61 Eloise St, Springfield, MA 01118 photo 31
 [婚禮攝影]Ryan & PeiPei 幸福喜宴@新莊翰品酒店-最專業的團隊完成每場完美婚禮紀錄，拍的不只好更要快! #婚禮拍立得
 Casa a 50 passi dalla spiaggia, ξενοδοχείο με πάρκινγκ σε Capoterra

------

**WHAT TO PRODUCE:** A complete and exact reproduction of the data is needed.

**OUTPUT OF THE TASK:**
61 Eloise St, Springfield, MA 01118 photo 31
 [婚禮攝影]Ryan & PeiPei 幸福喜宴@新莊翰品酒店-最專業的團隊完成每場完美婚禮紀錄，拍的不只好更要快! #婚禮拍立得
 Casa a 50 passi dalla spiaggia, ξενοδοχείο με πάρκινγκ σε Capoterra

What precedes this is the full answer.